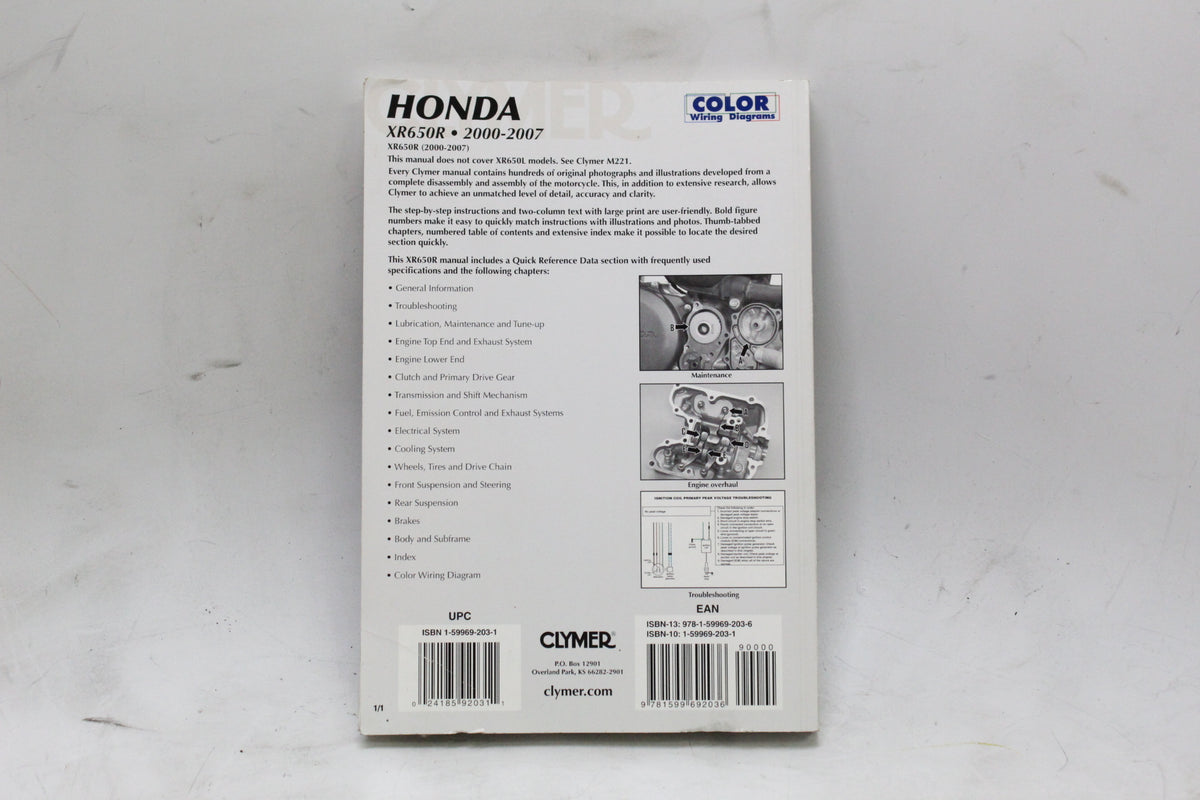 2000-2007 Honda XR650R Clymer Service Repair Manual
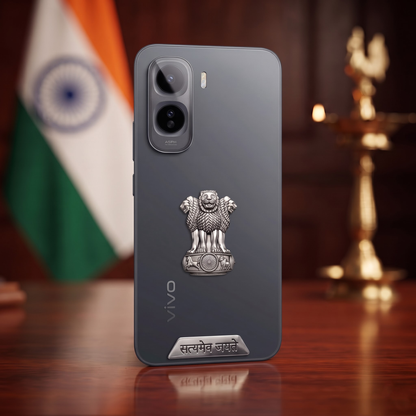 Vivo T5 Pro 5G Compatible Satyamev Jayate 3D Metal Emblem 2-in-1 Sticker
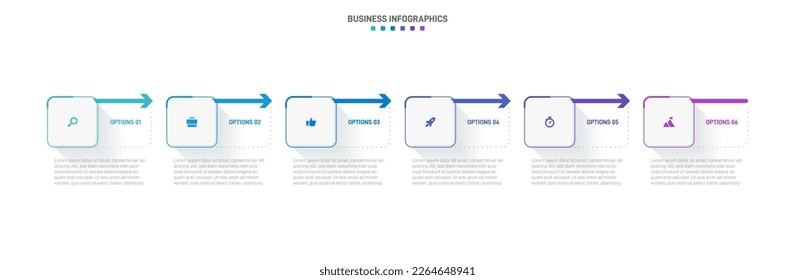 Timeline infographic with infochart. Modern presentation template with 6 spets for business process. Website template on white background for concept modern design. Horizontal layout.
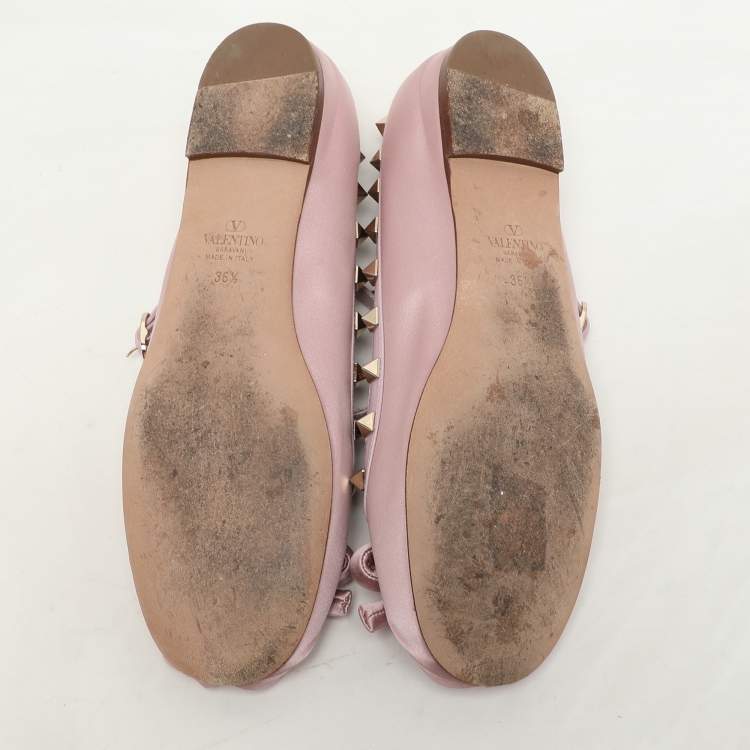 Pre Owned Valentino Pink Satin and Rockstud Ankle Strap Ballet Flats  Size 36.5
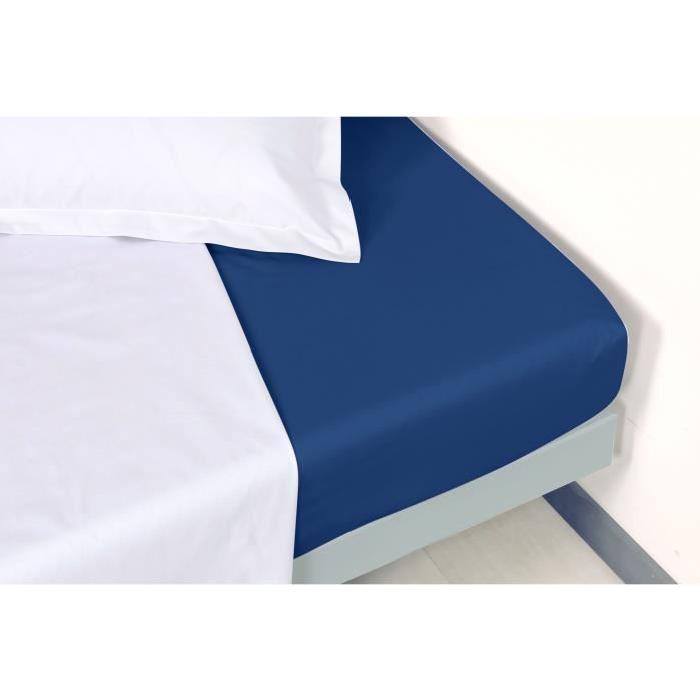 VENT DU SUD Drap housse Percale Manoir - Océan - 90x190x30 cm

###

THE TASK ::
Only the lines from the one with "Pre Owned Valentino" through the final line of the entries above should be transcribed, exactly and without pictures.

TASK ANSWER ::
 Pre Owned Valentino Pink Satin and Rockstud Ankle Strap Ballet Flats  Size 36.5
 VENT DU SUD Drap housse Percale Manoir - Océan - 90x190x30 cm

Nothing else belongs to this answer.